4.02 No Preemptive Rights. No shares of the capital stock of the
Corporation shall be entitled to preemptive rights.
4.03 Reverse Stock Split. Each share of Common Stock shall be
reclassified on the basis of [0.3179723] shares for each share and,
accordingly, each share of Common Stock, par value $0.10 per share, outstanding
on [May __, 1994] shall, without further action by the Corporation or any
stockholder, be deemed to represent [0.3179723] shares of Common Stock, par
value $0.10 per share. All fractional shares resulting from the foregoing
reclassification shall be eliminated and each holder thereof shall be entitiled
to receive a cash payment equal to such holder's fraction of a share of Common
Stock multiplied by [$25.53].
5. By-Laws.

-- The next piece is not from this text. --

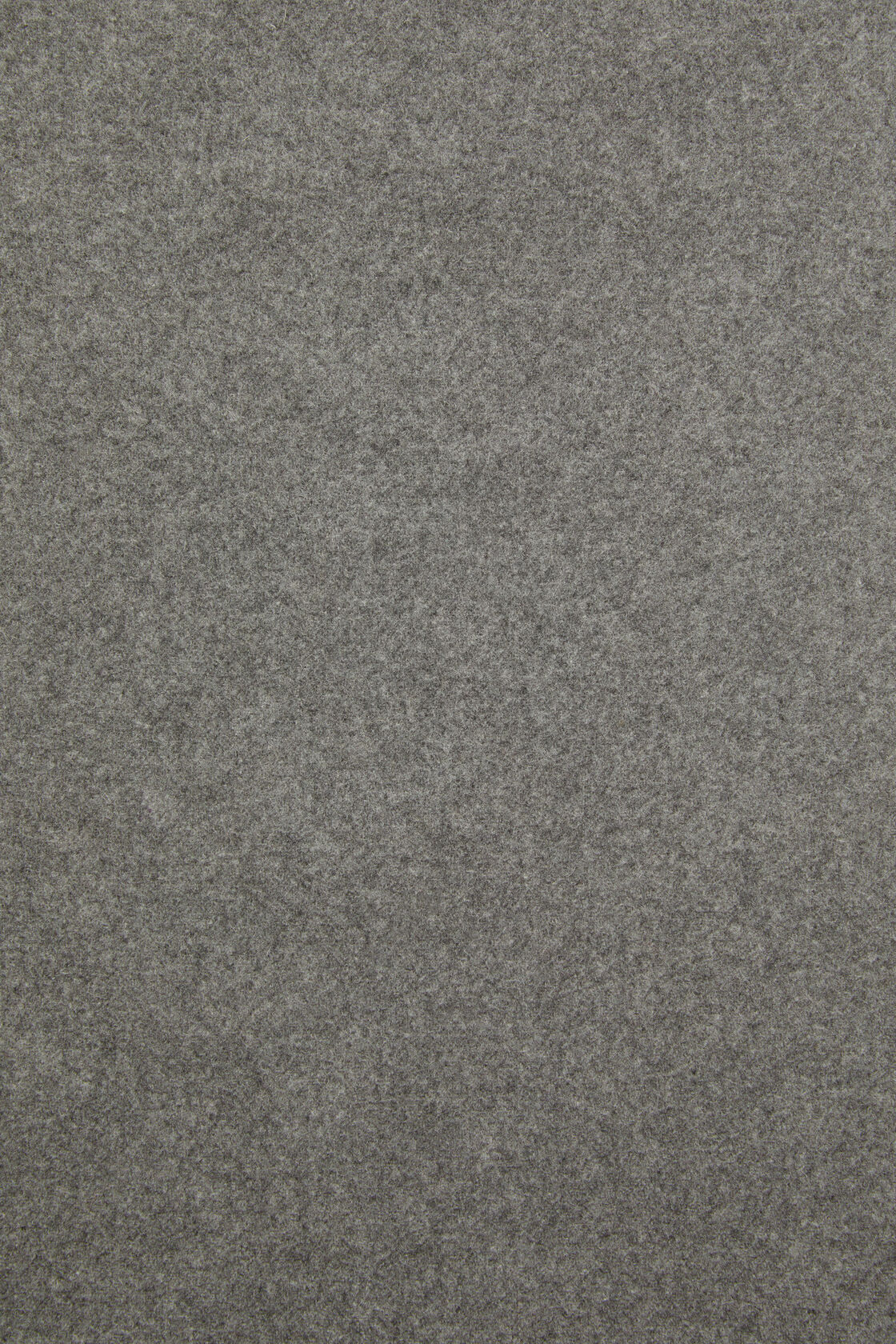 Cashmere fringe scarf - Narrow, Grey Melange, 2000x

In furtherance and not in limitation of the powers conferred
by statute, the Board of Directors is expressly authorized to make, alter or
repeal the By-Laws of the Corporation.
6. Election of Directors.
6.1 Number, Election and Term. Except as otherwise fixed pursuant to
the provisions of Article 4 hereof relating to the rights of the holders of any
class or series of stock having a preference over the Common Stock as to
dividends or upon liquidation to elect additional directors under specified
circumstances, the number of directors of the Corporation shall be fixed from
time to time by or pursuant to the By-Laws. The Board of Directors shall be
divided into three classes, designated Class I, Class II and Class III. Each
class shall consist, as nearly as may be possible, of one-third of the total
number of directors constituting the entire Board of Directors. Class I
directors shall be elected initially for a one-year term, Class II directors
initially for a two-year term and Class III directors initially for a
three-year term. At each succeeding annual meeting of stockholders beginning
in 1995, successors to the class of directors whose term expires at that annual
meeting shall be elected for a three-year term. If the number of directors is
changed, any increase or decrease shall be apportioned among the classes so as
to maintain the number of directors in each class as nearly equal as possible,
and any additional director of any class shall hold office for a term that
shall coincide with the remaining term of that class, but in no case will a
decrease in the number of directors shorten the term of any incumbent director.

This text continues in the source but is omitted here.